The Ride that changed my Compass

We were on a ten-minute drive to the grocery store. My little daughter asked to come along, so I put her in the passenger seat and, because kids love games, we invented one: one question, one answer. No opinions. No follow-ups. Just a single question, a single answer.

The ride that changed my compass for leaders and CEO's

She went first.

“What’s the most important thing for you on earth?” she asked.

For a moment I was paralyzed. A seven-year-old asking the man who’s supposed to have all the answers. I felt exposed — weak, even — because I didn’t have an instant, heroic reply. I let the silence sit. I thought. I breathed.

And then I answered honestly:

“To be a good role model for you and your siblings. That’s the most important thing to me.”

Not career. Not rewards. Not money. To model a life they can carry forward.

She thought about it for a beat, then surprised me with her answer:

“I want less littering in nature — so we can keep it beautiful.”

Simple. Big-hearted. Clear.

Then she asked:

“What’s the most important thing for you at work?”

This time my answer arrived faster:

“To help bring human leadership back into everyday work — to remind people how powerful they are.”

Purpose, not prestige.

Her last question came from the small, brave part of her that’s learning how to belong:

“How do you make new friends, Dad?”

I almost cried. I told her what I felt:
Start from genuine care and curiosity, without expectations. Look for small shared things you both like. Keep showing up. Let the friendship grow.

That ten-minute ride left me quieter and clearer than a week of strategy sessions. A seven-year-old had given me a mirror I didn’t know I needed.

Why this matters for leaders

Leaders are asked to move fast, to decide, to inspire. We build roadmaps, set KPIs, chase horizons. But this tiny car-game reminded me of three truths:

  1. Clarity begins with the simple question. When we can’t answer “What matters most?” we’re vulnerable to distraction. Great leadership starts with a simple, honest answer to the right question — not another plan.

  2. Presence beats performance. My daughter’s questions invited presence. They demanded honesty, not spin. Leaders who can slow down and answer what truly matters — to themselves and to their people — lead from conviction, not from script.
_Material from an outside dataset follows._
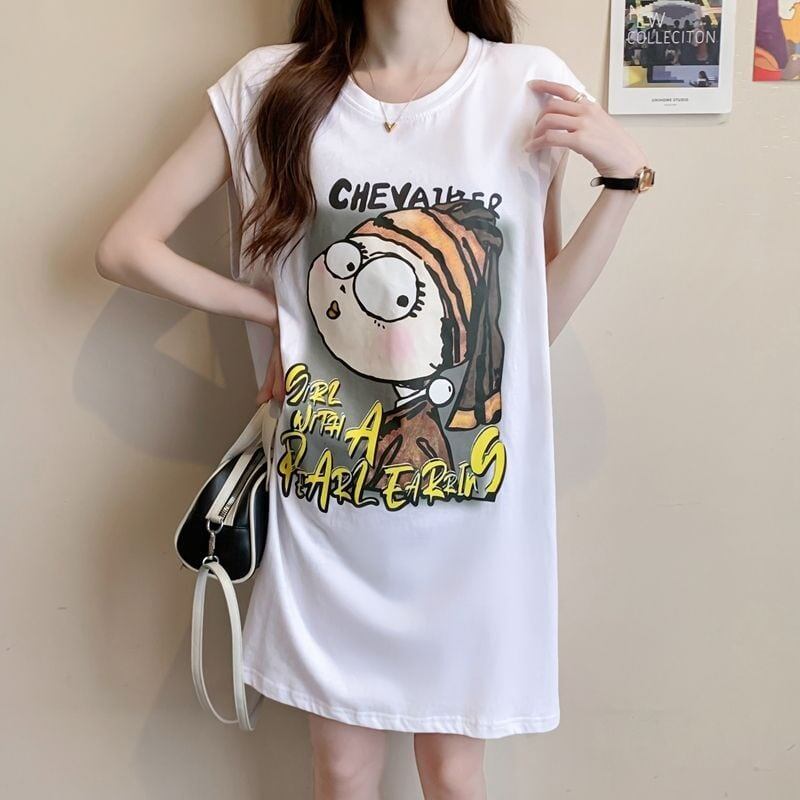 真夏も快適 着心地良い ファッション感満々 プリント全4色 ノースリーブ Tシャツ カットソー＜S-9161＞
  3. Modeling matters more than messaging. I tell clients to lead as if their children were watching — because they are. The behaviors you embody create a culture far faster than any policy ever will.

A small exercise (do it in your next car ride, meeting, or walk)

Ask one colleague or family member: “What’s the most important thing for you right now?” Give them one question, one answer. Then share your own. No notes. No follow-ups. Just listening.

Two questions to sit with

  • What is the single most important thing for you on this entire earth?

  • What is the single most important thing for you at work?

Answer them honestly. Write them down. Leave them where you’ll see them.